Topamos com um grupo de três estudantes de lycée, ensino médio francês, de uns 16~17 anos, imagino – dois meninos e uma menina; e a partir daí fomos explorando juntos. Numa hora chegamos na salle du chateau (a primeira foto da matéria :D), e ali ficamos conversando por um bom tempo. Todos eram bem queridos. Era madrugada de domingo para segunda, já. Eu me esforçava para falar um francês que deveria sair tudo errado e um dos meninos com quem eu conversava se esforçava para falar inglês. Dizia ele que os colegas dele não entendiam como ele poderia gostar de fazer isso – passar as noites nas catacumbas – e achavam ele meio bizarro. Diz ele que os colegas só vão pros ~night clubs~ no final de semana porque nunca vieram nas catacombes e não sabem como é bom. Achei o máximo! De fato, os colegas vão pros clubs porque é isso que se espera que um adolescente faça, né? Ele que estava sendo revolucionário e pensando fora da caixa. Achei realmente ótima a atitude.
Depois de sairmos daquela sala, nos despedimos dos novinhos e passeamos mais um pouco por uns lugares meio punk. O Tom me disse pra cuidar porque estávamos passando por uma túnel onde o “céu” era meio perigoso e às vezes caía. Minha perna tremeu um pouco. Nós estávamos muito longe do lugar por onde entramos, e aquele caminho dava pra uma outra saída, muito mais próxima. Ele disse que o caminho era meio complicado. Fomos indo. O caminho foi complicando mesmo. O túnel era cada vez mais estreito, meu tênis já tinha furado, o horário estava bem avançado e eu estava bem cansado de tanto caminhar. Nós tínhamos esquecido de levar água (!) e eu estava com muita sede. Bebi um pouco da água do chão – me disseram que era potável. Andamos mais e chegamos a um ponto onde o túnel era bem pequeno. Não dava para engatinhar porque minhas costas ficaram raspando no teto. Tinha que rastejar. Eu disse que eu achava que não ia rolar. Alguém mais claustrofóbico já teria passado mal há muito tempo. Tentei, mas não rolou mesmo. Voltamos pelo caminho original, que era bem longo.
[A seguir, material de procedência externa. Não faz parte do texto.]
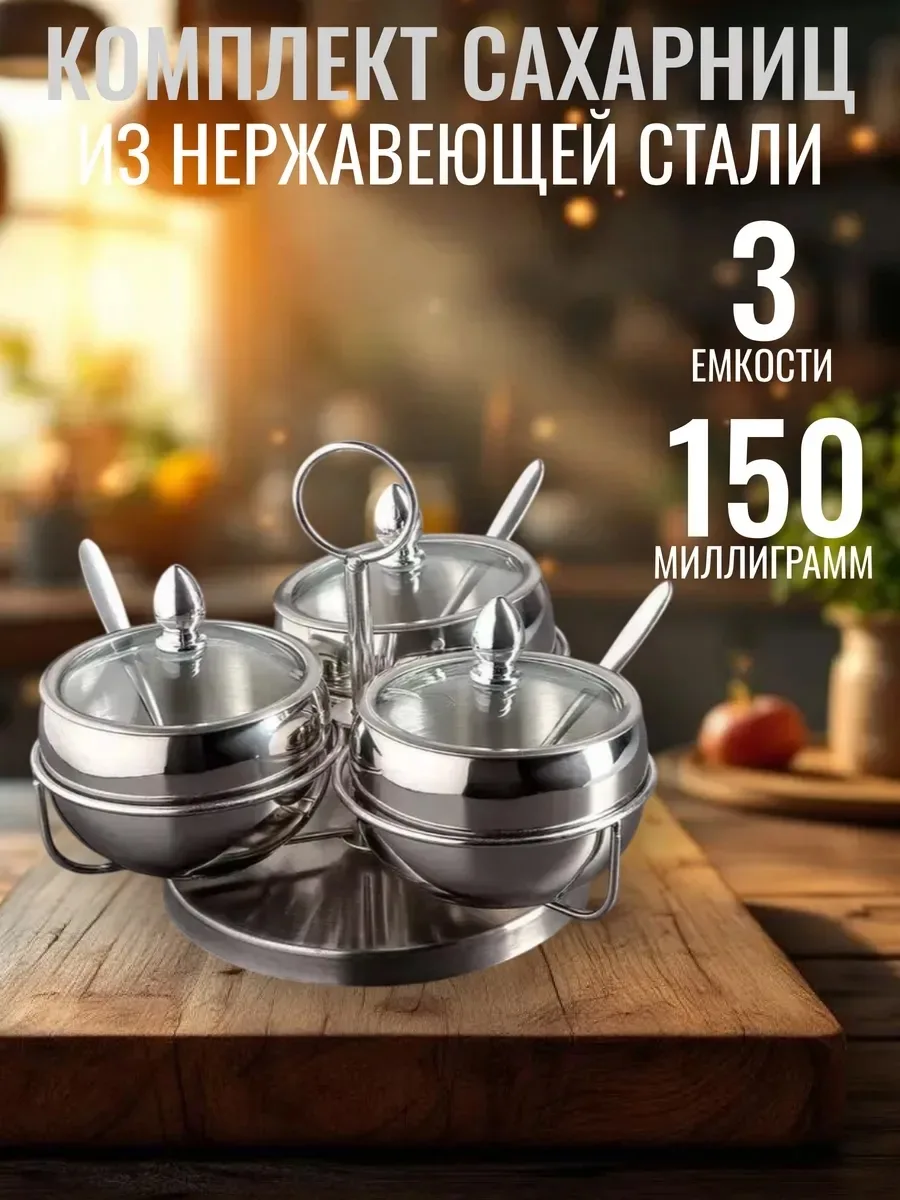 Особенности посуды — фото 7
Eu não faço ideia de quantos quilômetros nós percorremos naquela noite, mas foram muitos. A situação era pior para mim, que era mais alto que a maioria dos túneis, e tinha que andar curvado ou agachado. O caminho até a saída parecia que não ia chegar nunca e eu já estava com sono e cansado. Já tinha me acostumado com o ambiente, então em último caso não seria um grande problema dormir lá mesmo. Mas o Tom disse que já estávamos chegando. Então chegamos. Me senti aliviado por ter saído daquele lugar, que era fantasticamente sensacional e ao mesmo tempo meio tenebroso porque era subterrâneo, labiríntico, ilegal e meio perigoso.
Eu estava fascinado, obviamente, e o Tom parecia que tinha saído da padaria e nada poderia ser mais normal do que o lugar que acabávamos de visitar, exceto o fato de estarmos cheios de lama do pé à cabeça.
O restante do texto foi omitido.